Experimental Theater Built To Survive the Zombie Apocalypse: Radiohole’s NOW SERVING
“We’re all going to die!” Maggie Hoffman decries as the kick-off to a moribund toast in the early moments of Radiohole’s Now Serving at the Collapsible Hole through November 16th. Described on their website as “an irreverent dinner party featuring haute vaginal cuisine,” the copy helpfully adds, “You will get wet: You might get drenched.” I can attest, although from second row in the peanut gallery, liquid only managed to hit one of my shoes. The people in the first row had already been issued sunglasses and had napkins to hold up against the carnage. All we had by means of shield in the second row was the people in the first row.
This was my first Radiohole show. I came in with certain expectations for the work based on hearsay. That it would be a brash attack on decency, perhaps. I was (and am) also of the mindset that that which we would consider “downtown” theater and performance in New York City, if not dead, is now on the endangered list of the theatrical ecosystem. There has been a distinct shift in programming even in the past eight years (the amount of time I’ve lived in New York). Fewer and fewer venues remain, audiences are hard to come by. The younger generation of theater artists seem more inclined to write plays without the means to produce them, leaving pound upon pound of sacred text on the doorsteps of new play-producing organizations. Funding grows ever scarcer. In a sense, seeing a Radiohole show contained within a native environment (their own space! How rare!) was like going on experimental safari. What would we find? An artifact from a previous generation of makers?
The answer: Kind of? Now Serving is comforting, in a weird way. It’s certainly not comfortable, but in its rigor, formal structure (the courses dictate the shifts in action), and performative daring, it achieves messiness without being sloppy. This exquisite mess, as anyone who goes to any amount of experimental performance knows, is actually very difficult to accomplish. It takes detailed preparation, planning, and experience to make a proper mess without endangerment of actors or audience. And even if this wasn’t a full-blown chaos (a friend I ran into at the show who has seen other Radiohole performances described it as “for them, a chamber piece”), it still serves as a vital reminder that the tried-and-true experimentalist tricks still work, can speak with force and truth despite their abstraction in the face of our present mess.

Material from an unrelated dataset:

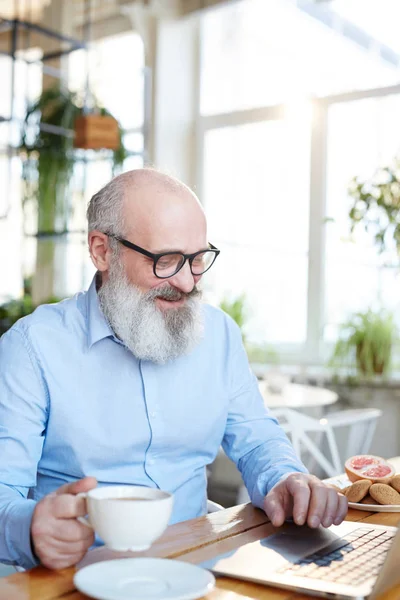 Seniorchef Mit Brille Sitzt Café Trinkt Tee Und Surft Netz — Stockfoto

And so, even if death is on everyone’s menu, lurking somewhere after dessert, this evening, we survived. We all survived. Even Pepe the frog, played by Eric Dyer, who fills the role of a man-servant (kind of) and is beheaded, turned into froggy meatloaf, and served as a main course, later gets up off the table and makes an esoteric phone call that includes the words “banana dildo” and is about farting but somehow functions at the highest level of eloquence. We may be all about to die, and scrappy downtown experimentalism may be making its last stand against extinction-level events, but tonight, we keep drinking, eating, living.